### TASK REQUIREMENTS
Below is a listing; print exactly its lines from the one containing "Image 12 of 26: Kitchen" down to the one containing "Smiths Beach House", both inclusive, with every picture left out.

Content starts

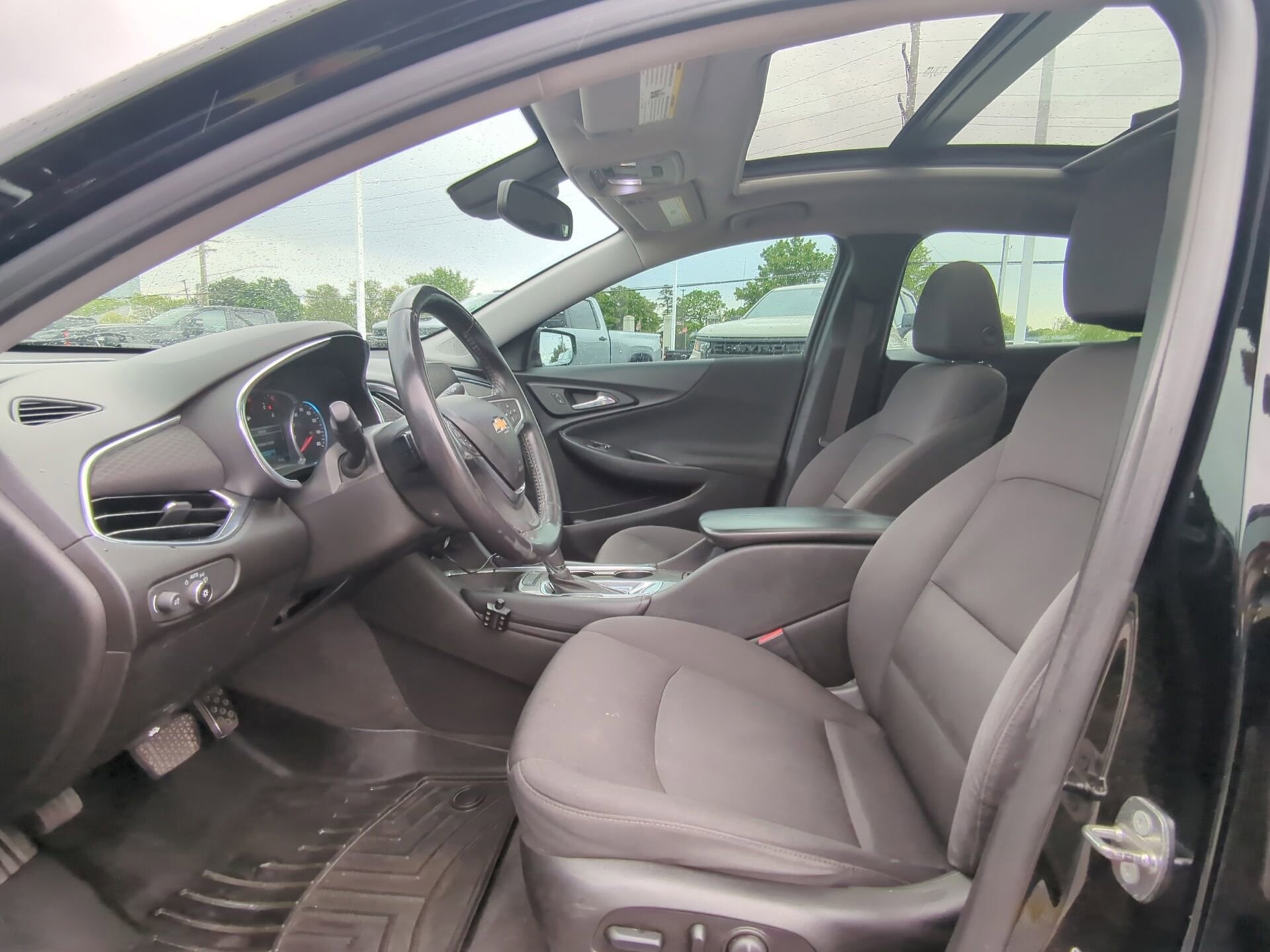 Used 2018 Chevrolet Malibu LT w/ Driver Confidence Package FWD image 16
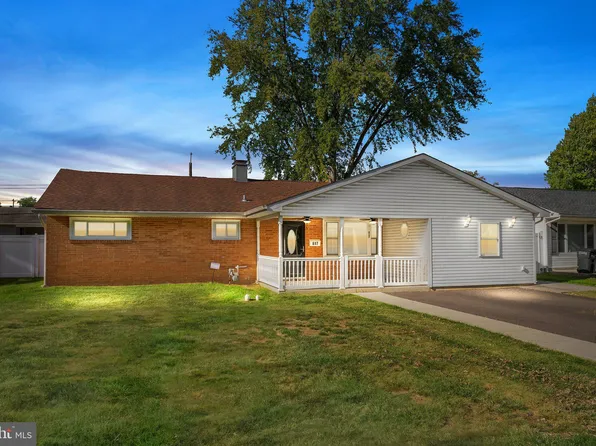 617 Chatham Rd, Fairless Hills, PA 19030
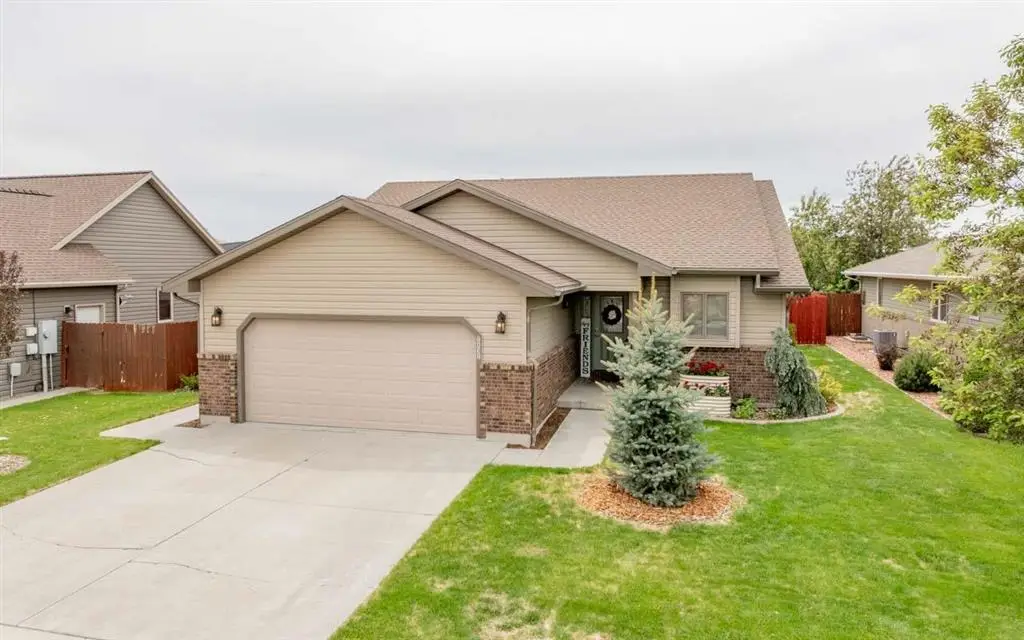 2832 Kent Ave, Cody, WY 82414 - #1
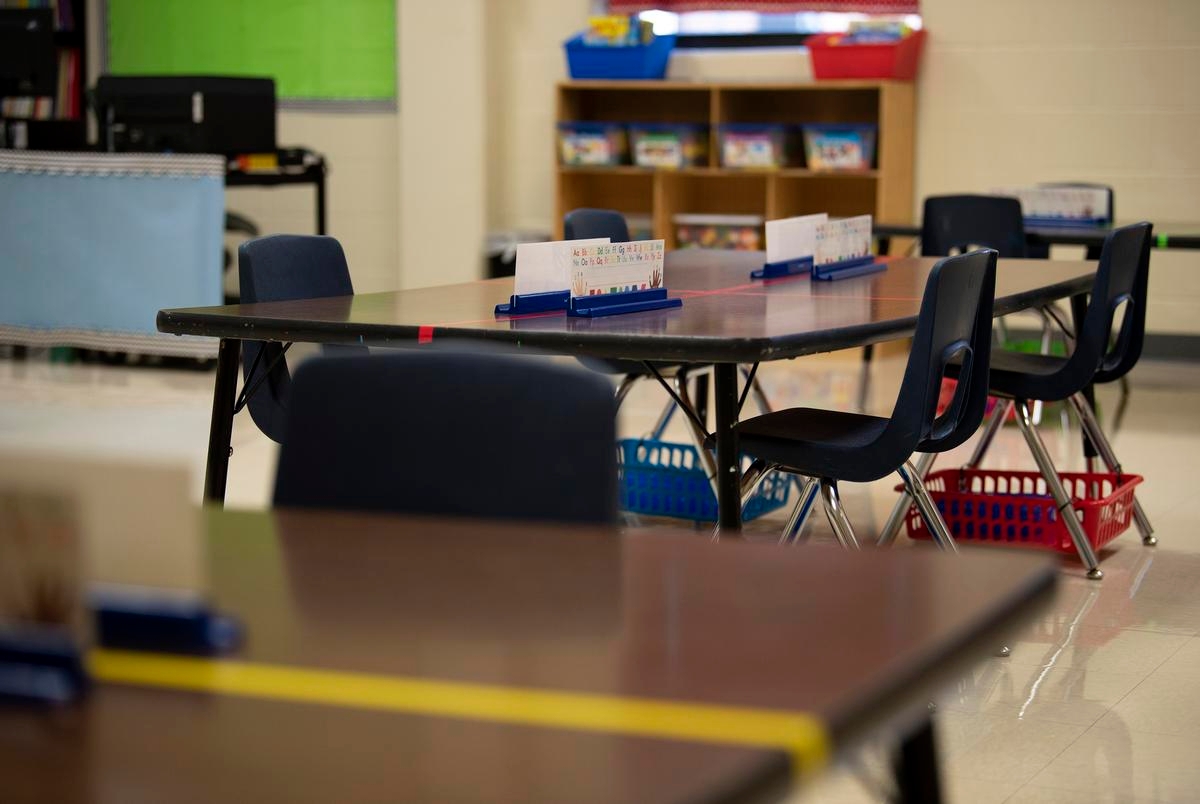School districts stay quiet as lawmakers push to limit when they can sue the state
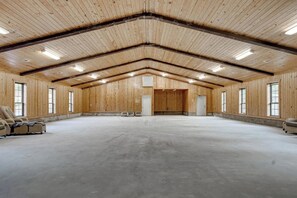 Interior - Timber Lodge Ranch - The Ranch (Amity)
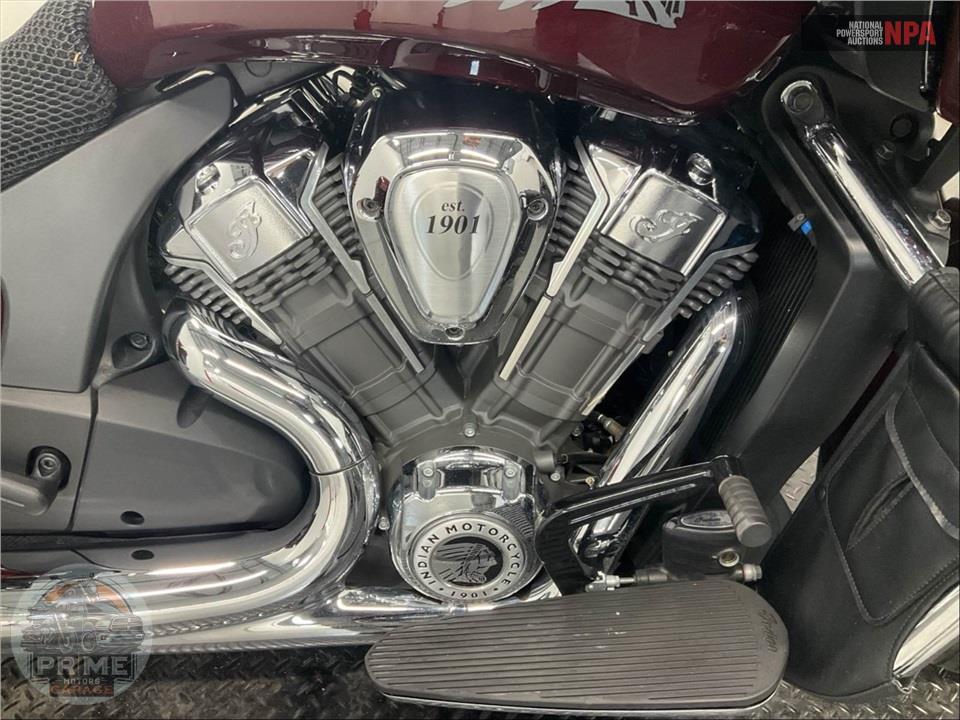 2023 Indian Motorcycle CHALLENGER LIMITED (MAROON) — фото 6
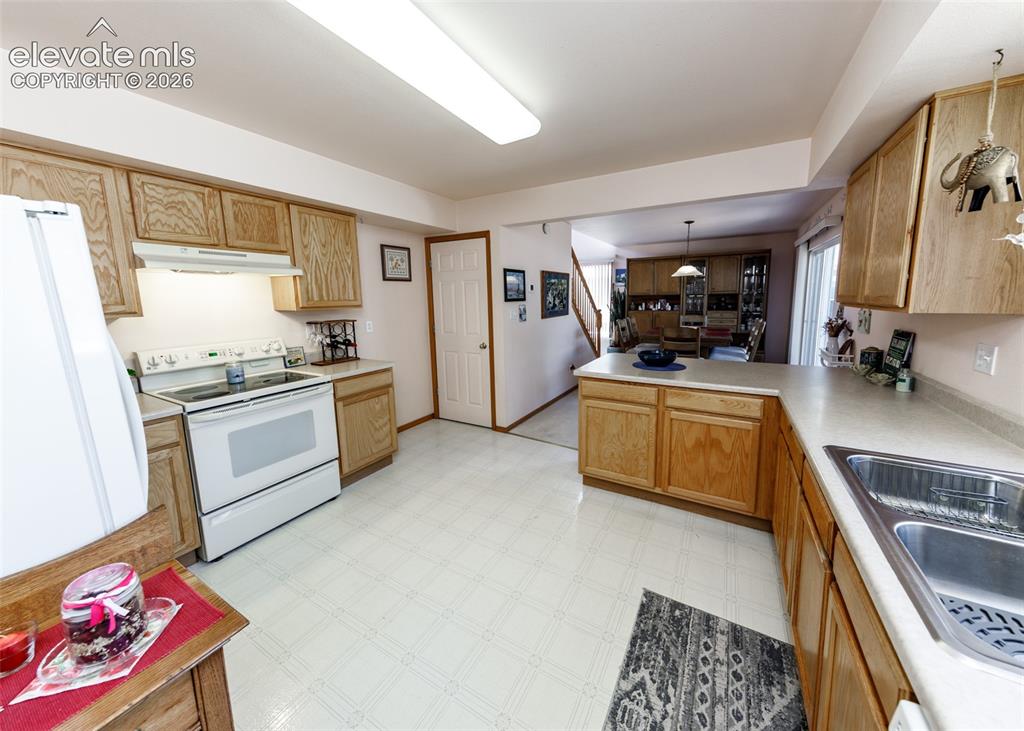 Image 12 of 26: Kitchen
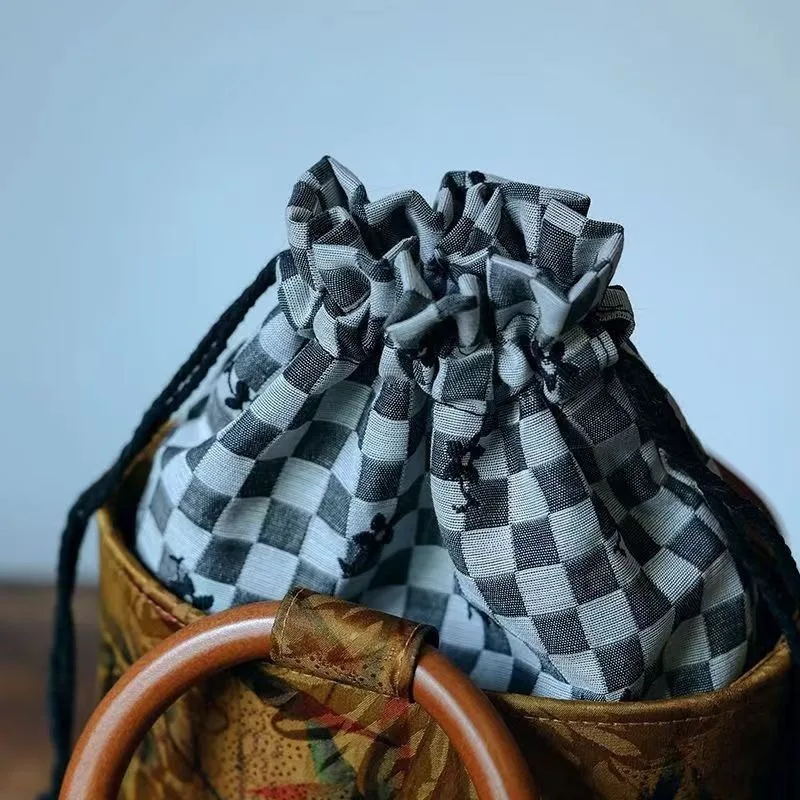 Wooden Handle Circular Vintage Bucket Bag 2024 New Handbag Women Art Retro Chinese Style Bags Silk-like Medieval Top-Handle Bags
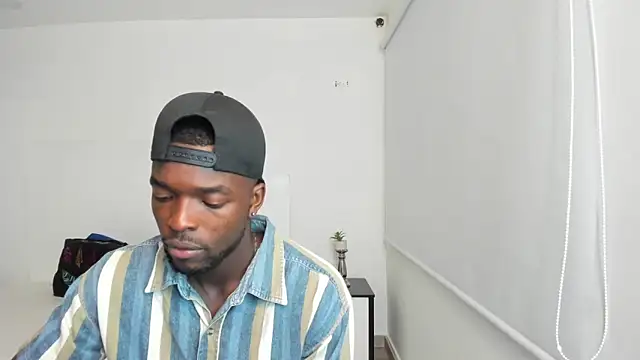 Dylan Taylor online show from February 11, 3:40 am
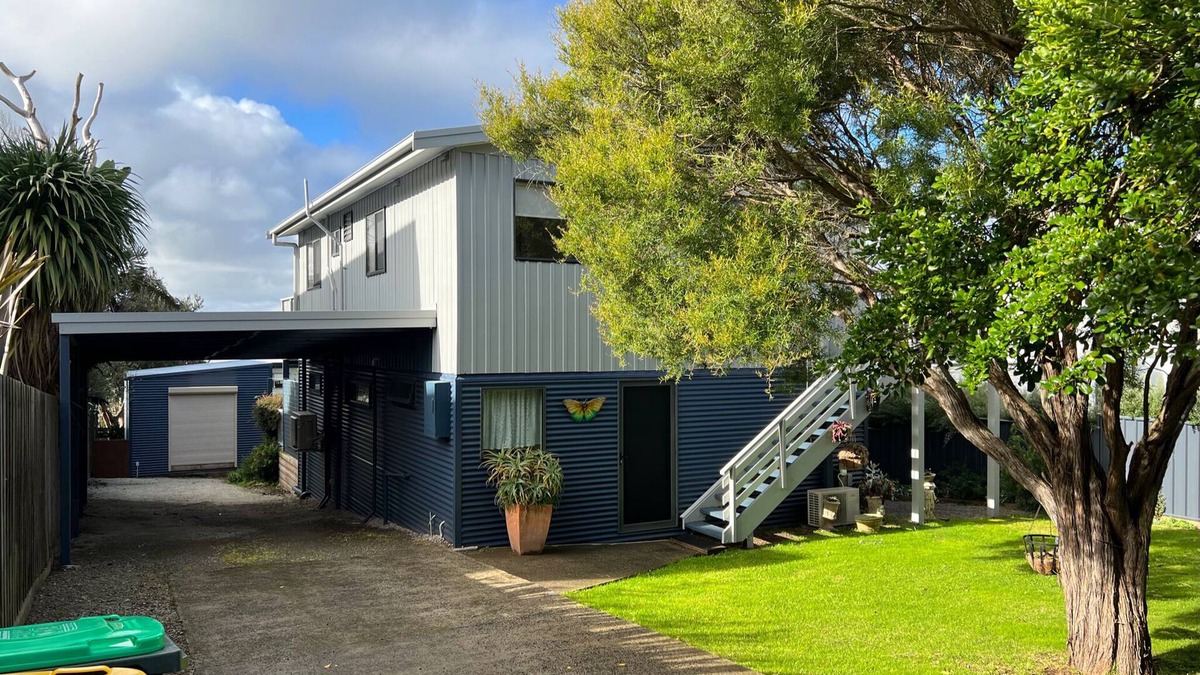 Smiths Beach House | Kokomo - Family and dog friendly with great views in Smiths Beach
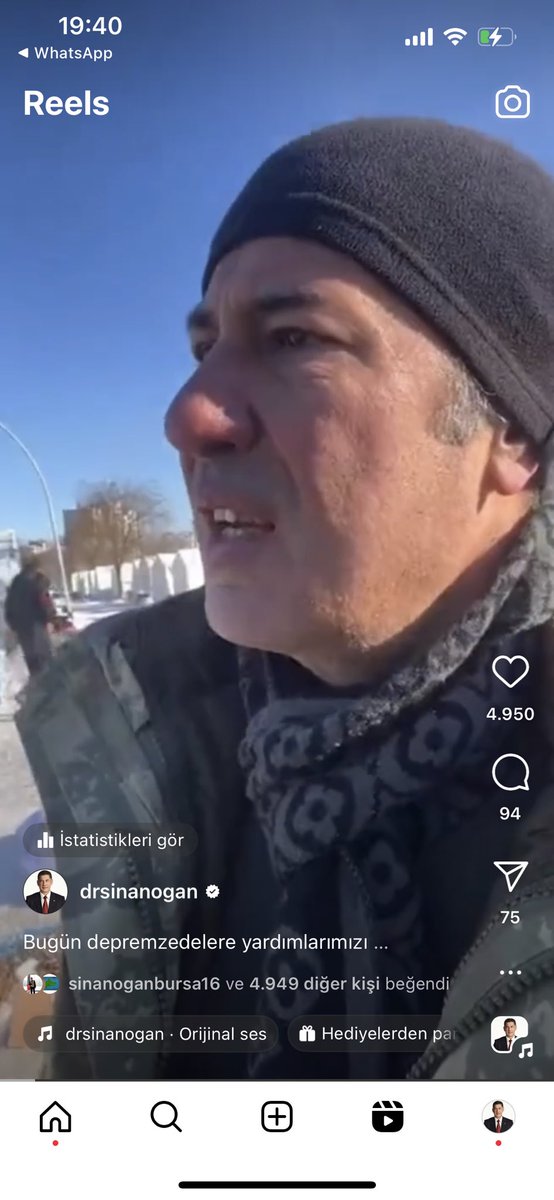 DrSinanOgan's tweet photo. Seçim mağlubiyetlerini her türlü iftiraya başvurarak örtmeye çalışan ahlak yoksunu bir kesimin iftiraları devam ediyor. Aşağıda sırasıyla 2023 Şubat depreminde Elbistan’da, 2020’de bahçemde, 2022 Mart ayında ve 2022 aralık ayında aynı atkıyla çekilmiş fotoğraflarımı buraya koyuyorum. Ayrıca bu atkıyı tam 10 yıldır takıyorum. Aynı kıyafeti uzun yıllar giyen birisiyim. Marka takıntısı olan birisi de değilim. Ayrıca bunun gibi bir kaç tane daha var 10 yıldır taktığım. Nedense 10 yıldır kimsenin dikkatini çekmemiş! 2013 yılında dışişleri komisyonu üyesi olarak gittiğim bir seyahatimde üzerindeki markasına dahi dikkat etmeden 11 dolardan bir kaç adet almıştım. O gün bu gündür bu atkıları takıyorum. Ayrıca üzerinde bir marka da yoktu. Bugün paylaşım dolayısıyla da markasını öğrenmiş oldum. Ama anladığım kadarıyla bu atkı iddia edilen markaya ait ise o fiyata zaten vermezler. Ayrıca benim açımdan da farketmiyor. Normalde bu tür saçmalıklara cevap vermiyorum ama Şehitlerimiz üzerinden yapılmaya çalışılan algı dolayısıyla cevap veriyorum. Londra’ya hem akraba ziyaretine hem de yurtdışı siyasi örgütlenmeyi görüşmek için gittim. Kirvem olan akrabam o akşam yemeğe davet etti, çıkışta da iş yeri sahibi foto rica etti. Ben gittiğimde Şehitlerimiz yoktu. 3 gün kalıp döndüm zaten. Bunun dışındaki her yazılan iftiradır. 

NOT: İlk defa yurtdışına çıkmıyorum. 1990 yılından beri 15 yıl yurtdışında yaşamış sonrasında her yıl en az bir kaç defa yurtdışına giden birisiyim. Bu gidişim neden bunlara batmış?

Content ends

### RESULT OF THIS TASK
 Image 12 of 26: Kitchen
 Wooden Handle Circular Vintage Bucket Bag 2024 New Handbag Women Art Retro Chinese Style Bags Silk-like Medieval Top-Handle Bags
 Dylan Taylor online show from February 11, 3:40 am
 Smiths Beach House | Kokomo - Family and dog friendly with great views in Smiths Beach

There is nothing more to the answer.